Philipp Gesang [Tue, 9 May 2017 13:42:17 +0000]
graciously handle GCM data length limit
Philipp Gesang [Tue, 9 May 2017 08:59:28 +0000]
unit test crypto file counter wraparound
After the file counter reaches UINT_MAX, it wraps around and a
new fixed part must be created.
The file counter is 32 bit unsigned integer so it needs to be
lowered to make bounds testing feasible.
Philipp Gesang [Tue, 9 May 2017 08:22:43 +0000]
extend strict iv tracking to encryption
This is just an extra soundness check to prevent accidental reuse
if IVs when handled incorrectly (same initial counters passed
twice to the same context).

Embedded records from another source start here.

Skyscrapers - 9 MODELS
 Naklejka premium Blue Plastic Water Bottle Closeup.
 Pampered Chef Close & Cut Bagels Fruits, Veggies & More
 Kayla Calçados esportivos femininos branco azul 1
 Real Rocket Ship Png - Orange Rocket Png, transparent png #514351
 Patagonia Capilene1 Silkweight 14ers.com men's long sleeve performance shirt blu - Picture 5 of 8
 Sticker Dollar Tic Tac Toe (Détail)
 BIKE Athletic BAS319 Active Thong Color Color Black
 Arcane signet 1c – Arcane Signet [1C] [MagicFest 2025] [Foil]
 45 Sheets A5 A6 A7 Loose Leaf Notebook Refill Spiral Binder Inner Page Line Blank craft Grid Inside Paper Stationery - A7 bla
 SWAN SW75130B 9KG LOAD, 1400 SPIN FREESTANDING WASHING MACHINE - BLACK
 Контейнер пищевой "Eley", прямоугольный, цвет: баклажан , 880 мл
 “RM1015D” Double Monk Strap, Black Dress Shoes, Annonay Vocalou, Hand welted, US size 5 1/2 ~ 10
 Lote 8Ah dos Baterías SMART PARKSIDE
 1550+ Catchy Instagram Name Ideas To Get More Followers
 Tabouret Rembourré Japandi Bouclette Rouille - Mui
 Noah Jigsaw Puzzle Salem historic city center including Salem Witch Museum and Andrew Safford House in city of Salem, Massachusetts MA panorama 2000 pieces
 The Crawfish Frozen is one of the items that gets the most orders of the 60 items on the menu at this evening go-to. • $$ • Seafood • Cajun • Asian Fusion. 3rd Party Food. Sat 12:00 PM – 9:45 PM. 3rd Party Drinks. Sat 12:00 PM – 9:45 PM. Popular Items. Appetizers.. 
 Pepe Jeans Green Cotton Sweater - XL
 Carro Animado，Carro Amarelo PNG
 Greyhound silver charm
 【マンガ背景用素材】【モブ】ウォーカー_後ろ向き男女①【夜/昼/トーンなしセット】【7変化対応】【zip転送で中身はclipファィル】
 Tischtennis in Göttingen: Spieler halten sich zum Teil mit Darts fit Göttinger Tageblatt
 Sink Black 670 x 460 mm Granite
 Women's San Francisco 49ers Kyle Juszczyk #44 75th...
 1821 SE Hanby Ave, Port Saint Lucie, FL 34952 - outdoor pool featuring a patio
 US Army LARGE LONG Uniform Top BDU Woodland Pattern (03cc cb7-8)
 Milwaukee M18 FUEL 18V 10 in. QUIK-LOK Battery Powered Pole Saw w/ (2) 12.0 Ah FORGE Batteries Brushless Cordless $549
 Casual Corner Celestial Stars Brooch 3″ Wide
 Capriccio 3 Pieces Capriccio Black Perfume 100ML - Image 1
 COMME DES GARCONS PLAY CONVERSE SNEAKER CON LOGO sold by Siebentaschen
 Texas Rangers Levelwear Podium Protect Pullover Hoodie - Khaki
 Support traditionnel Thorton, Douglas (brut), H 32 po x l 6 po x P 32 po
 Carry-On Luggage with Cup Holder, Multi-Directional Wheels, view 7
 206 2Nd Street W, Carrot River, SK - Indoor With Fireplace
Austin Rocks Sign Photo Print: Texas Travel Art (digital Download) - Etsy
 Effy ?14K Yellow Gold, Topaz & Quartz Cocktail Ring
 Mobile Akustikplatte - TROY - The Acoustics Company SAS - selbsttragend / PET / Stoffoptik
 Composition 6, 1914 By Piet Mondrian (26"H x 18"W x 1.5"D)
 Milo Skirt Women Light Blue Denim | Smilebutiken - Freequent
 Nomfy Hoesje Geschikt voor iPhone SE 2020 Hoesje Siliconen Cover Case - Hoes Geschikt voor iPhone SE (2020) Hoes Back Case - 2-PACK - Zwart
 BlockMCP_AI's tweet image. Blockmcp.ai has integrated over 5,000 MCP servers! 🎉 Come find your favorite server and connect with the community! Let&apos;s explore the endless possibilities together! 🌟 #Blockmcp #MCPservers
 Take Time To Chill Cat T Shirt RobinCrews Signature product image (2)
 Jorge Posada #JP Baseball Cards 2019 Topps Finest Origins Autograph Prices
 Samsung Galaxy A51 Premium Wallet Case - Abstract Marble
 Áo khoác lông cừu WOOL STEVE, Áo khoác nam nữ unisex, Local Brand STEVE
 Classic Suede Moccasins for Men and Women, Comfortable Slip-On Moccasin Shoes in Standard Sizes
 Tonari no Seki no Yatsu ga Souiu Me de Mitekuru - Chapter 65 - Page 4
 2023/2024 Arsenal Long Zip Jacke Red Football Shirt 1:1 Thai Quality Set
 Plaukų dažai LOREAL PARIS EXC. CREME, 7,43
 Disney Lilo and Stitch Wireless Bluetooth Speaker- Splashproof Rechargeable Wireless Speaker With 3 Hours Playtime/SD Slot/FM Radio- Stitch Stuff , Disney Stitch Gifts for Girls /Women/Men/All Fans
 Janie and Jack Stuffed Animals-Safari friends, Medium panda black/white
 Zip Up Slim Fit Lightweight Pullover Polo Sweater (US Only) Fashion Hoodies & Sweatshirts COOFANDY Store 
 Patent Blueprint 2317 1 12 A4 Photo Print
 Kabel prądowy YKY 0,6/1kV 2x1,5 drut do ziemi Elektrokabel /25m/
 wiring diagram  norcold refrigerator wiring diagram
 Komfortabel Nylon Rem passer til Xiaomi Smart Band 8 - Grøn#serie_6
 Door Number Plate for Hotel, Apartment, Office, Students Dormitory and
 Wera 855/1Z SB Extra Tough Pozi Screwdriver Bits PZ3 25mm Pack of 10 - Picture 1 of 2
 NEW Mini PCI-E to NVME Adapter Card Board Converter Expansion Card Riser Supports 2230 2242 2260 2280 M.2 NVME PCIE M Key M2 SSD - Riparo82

In normal usage this case cannot
happen.
Philipp Gesang [Mon, 8 May 2017 14:27:13 +0000]
expand crypto api to accept precomputed key
Philipp Gesang [Mon, 8 May 2017 15:13:26 +0000]
reduce noise in test_multivol_compression_sizes.py
Philipp Gesang [Mon, 8 May 2017 13:33:29 +0000]
improve iv diagnostics when decrypting
Philipp Gesang [Mon, 8 May 2017 09:26:54 +0000]
test that seeking backwards is disallowed by _Stream
Re-extracting an already decrypted file will fail on account of
IV reuse. Currently, tarfile._Stream is not capable of performing
backward seeks, so we’re good. Should this limitation be removed
in a future version, this unit test will fail.
Philipp Gesang [Mon, 8 May 2017 07:58:33 +0000]
remove pytest dependency from test_crypto.py
Philipp Gesang [Fri, 5 May 2017 15:52:51 +0000]
add unit test for IV reuse
Philipp Gesang [Fri, 5 May 2017 15:18:11 +0000]
adapt crypto unit tests to run in main suite
Philipp Gesang [Fri, 5 May 2017 14:52:45 +0000]
remove IV validation step from RestoreHelper
Since the same decryption context is carried over between the Tar
volumes of one backup set, the built-in IV uniqueness checks
suffice. Between multiple backup sets, the salt and IV fixed
parts change, so there is no occasion for conflict. The IVs of
auxiliary files are unique anyways.
Philipp Gesang [Fri, 5 May 2017 12:27:29 +0000]
adjust acceptable size window for compressed unit test data
A low bound of 330 causes the test to fail with version 1.2.3 of
zlib.
Earlier this did not occur because in concat mode, tarfile would
always write an empty zlib compressed chunk right at the
beginning of the archive and then immediately create a new one as
soon as actual input arrived. For this reason, the resulting
archive size remained within the bounds chosen in
test_multivol.py. Due to the removal of the redundancy, this is
no longer the case. The problem is masked on newer versions of
zlib (tested: 1.2.8 of fc25) which create larger compressed files
in general for the same inputs.
For the “test_compress_single” unit test, the input consists of a
an archive 61440 bytes. Compress with level 9, window bits 31,
and a memlevel of 9, the output length is:
version size (B)
1.2.3 308
1.2.8 324
Add to that the file name in our custom header and the latter
passes 330 B whereas the former doesn’t.
A lower bound of 315 is justified.
Philipp Gesang [Fri, 5 May 2017 09:00:37 +0000]
reuse existing crypto context for subsequent volumes
Philipp Gesang [Fri, 5 May 2017 08:20:50 +0000]
validate exceptions being thrown from invalid tarfile.open() params
Philipp Gesang [Thu, 4 May 2017 16:06:04 +0000]
move final IV checks out of crypto context
Collect IVs while decrypting but postpone the final check for
duplicates. Reused IVs still trigger an exception during
decryption but since multiple different contexts may be active
(e. g. when handling a diff backup), the IVs they retrieved from
the headers must be compared afterwards. This test has its place
in a new function “validate” of the ``RestoreHelper`` and must be
called when decryption has been completed.
Philipp Gesang [Thu, 4 May 2017 13:12:50 +0000]
write auxiliary files whilst processing the backup
Introduce a fixed value for the index file counter to allow
encryption on the fly.
Philipp Gesang [Thu, 4 May 2017 12:24:06 +0000]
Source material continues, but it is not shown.